An American Writer's Thoughts on Japanese Animation

Seasonal Selection – Metallic Rouge Episode 13

“It was me, last episode villain!”

The trouble with seasonal entries is that I have to do them as I’m able to watch. Well, I have gotten to the end of Metallic Rouge now, and this is what I saw.

Most of the meat of this episode was the doctor taking credit for every negative thing that happened in this show, hijacking everyone else’s motivations, even when it doesn’t make sense. He claimed he programmed the Nine to do everything they did, from Noir’s love for Gene’s mother to Silva’s rebellion, all dancing on his puppet strings. He even takes credit for his own murder despite Silva and Giallion having memories of their roles. How? Current version is a Nean copy with uploaded memories. He gets taken out, but then just jumps into Cyan’s body. This is of course just as planned.

Silva gets dead, and Rouge at first doesn’t do well in a fight against Cyan/Junghart. Naomi then gets the bright idea to sacrifice herself by having Rouge overwrite the borrowed ID. This “kills” Naomi’s normal body and leaves her as a voice in Rouge’s head forevermore, while powering up Rouge with a second stage transformation.
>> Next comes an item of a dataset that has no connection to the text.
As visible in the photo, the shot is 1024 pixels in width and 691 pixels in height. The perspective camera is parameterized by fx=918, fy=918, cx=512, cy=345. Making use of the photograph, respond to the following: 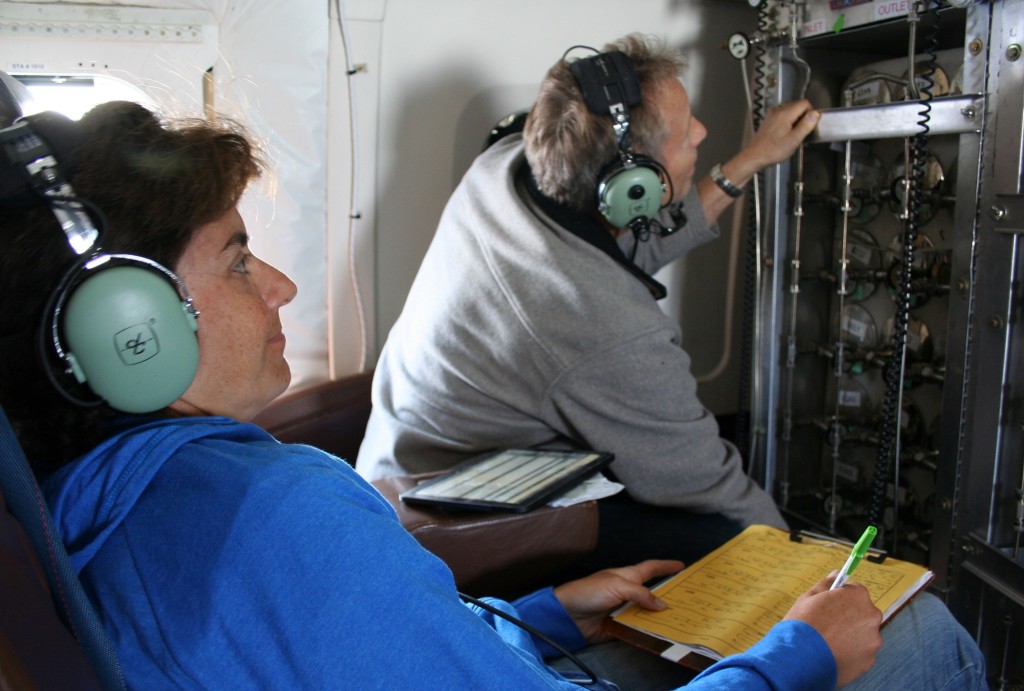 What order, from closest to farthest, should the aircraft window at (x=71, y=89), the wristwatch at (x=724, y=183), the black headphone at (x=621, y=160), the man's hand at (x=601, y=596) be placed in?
the man's hand at (x=601, y=596) → the black headphone at (x=621, y=160) → the aircraft window at (x=71, y=89) → the wristwatch at (x=724, y=183)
The doctor tries to do the same thing with Cyan but she resists him and thus gets the both of them killed.

Rouge then decides, rather arbitrarily, to go ahead and use her original ID to trigger Code Eve and free the Neans anyway. Because apparently that will be just fine as long as it’s not the baddies doing it? I guess a mysterious event rather than a deliberate attempt to start a war is a rather different situation, but it still is a quick turnabout of what we’re going for.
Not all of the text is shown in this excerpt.